[Caption-style text data]

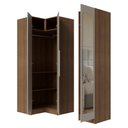 Ver imagem 4 de Guarda-Roupa Modulado de Canto 3 Portas com Espelhos Rustic/Crema Neo Madesa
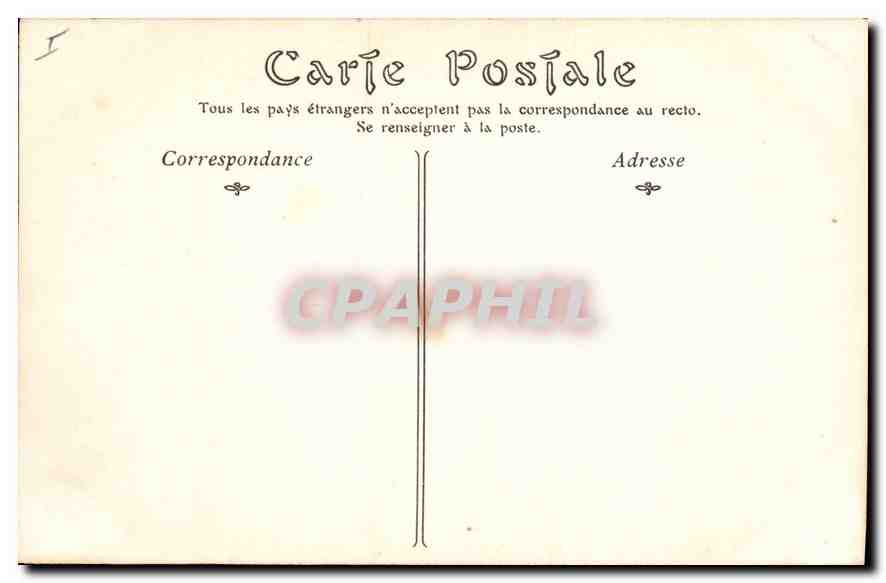 CPA Chartres Portail sud de la Cathedrale  — Rückseite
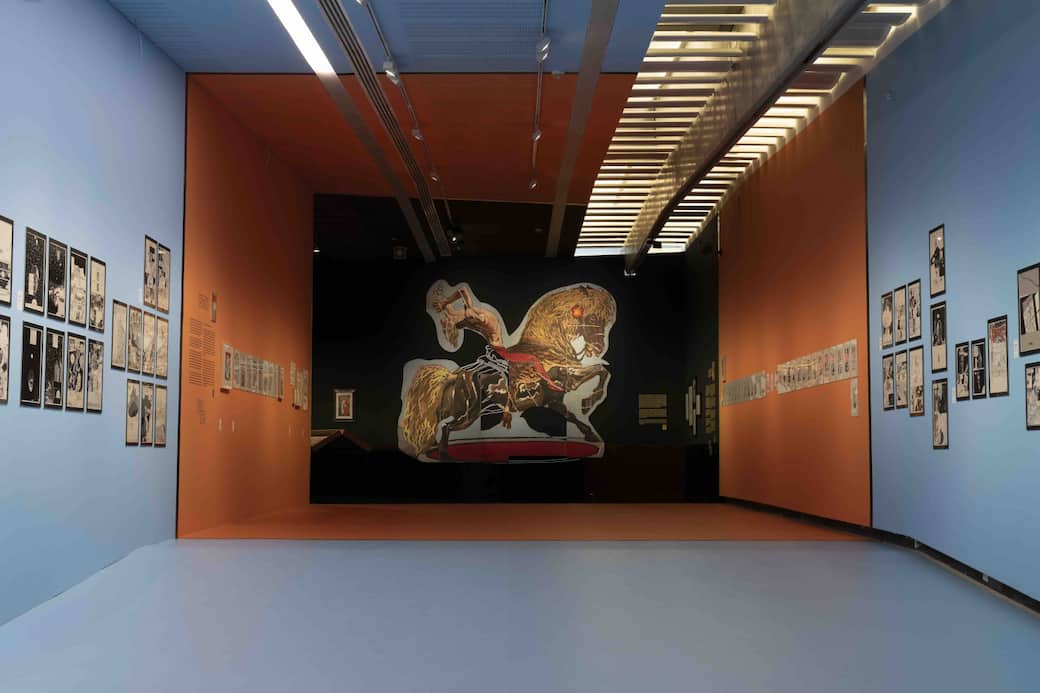 MAXXI, Andrea Pazienza. Non Sempre Si Muore. Foto Allestimento Giorgio e Giulia Benni - courtesy Fondazione MAXXI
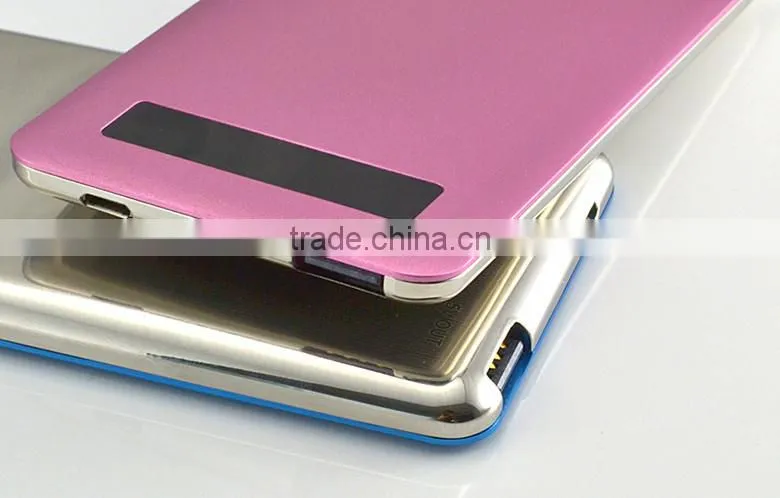 Ultra slim 4000mah polymer cell core battery power bank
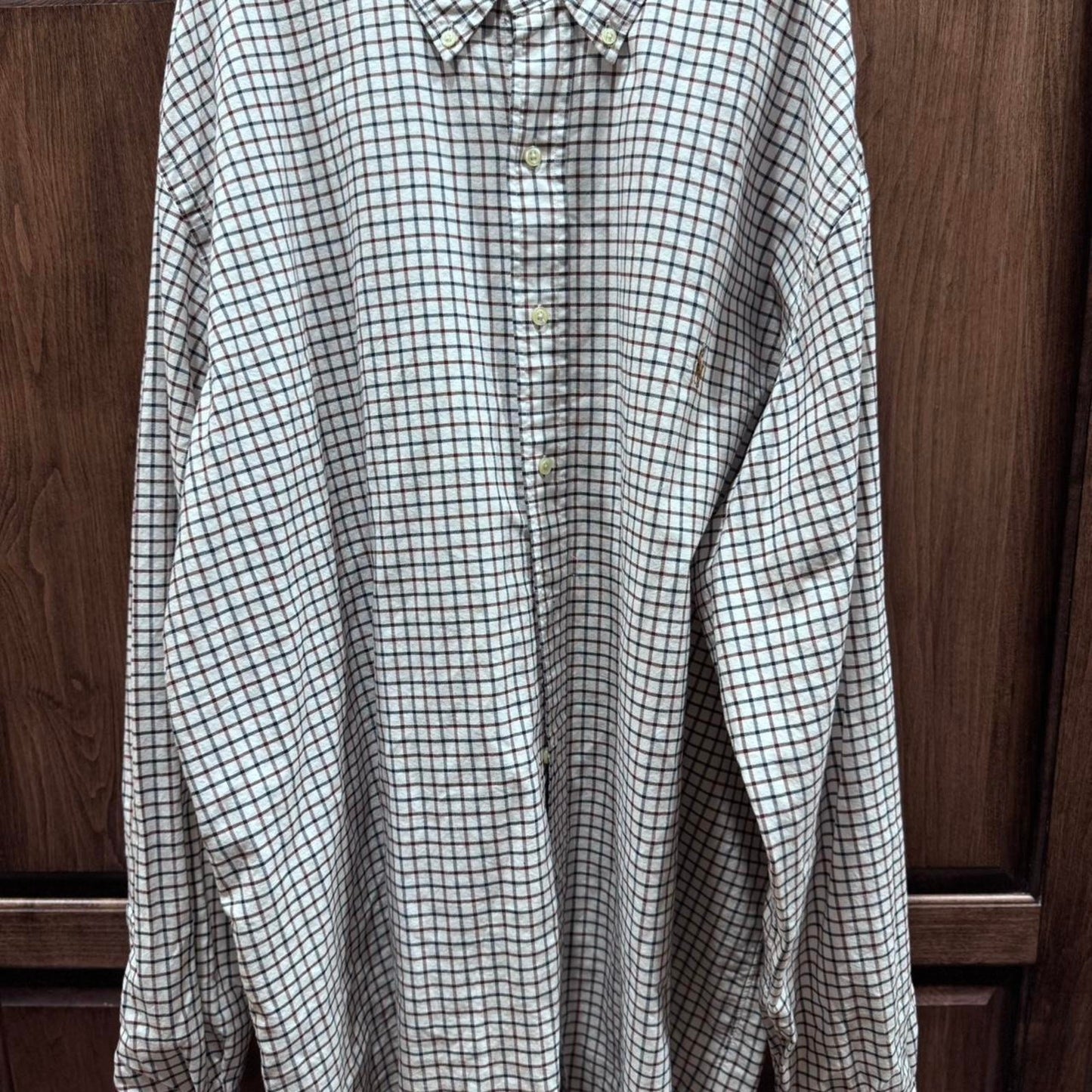 Vintage Ralph Lauren 2XLT Checkered Button Down Shirt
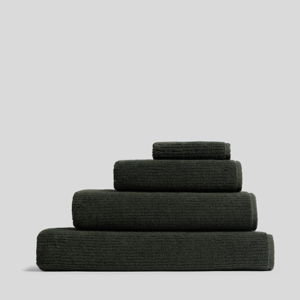 Soft Rib Towels (Evergren) - Bath Towel / Evergreen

### Work instructions
Only the lines from the one containing "CPA Chartres Portail" through the last line of the entries belong in the answer, given again exactly. Images stay out.

### Exercise output
 CPA Chartres Portail sud de la Cathedrale  — Rückseite
 MAXXI, Andrea Pazienza. Non Sempre Si Muore. Foto Allestimento Giorgio e Giulia Benni - courtesy Fondazione MAXXI
 Ultra slim 4000mah polymer cell core battery power bank
 Vintage Ralph Lauren 2XLT Checkered Button Down Shirt
 Soft Rib Towels (Evergren) - Bath Towel / Evergreen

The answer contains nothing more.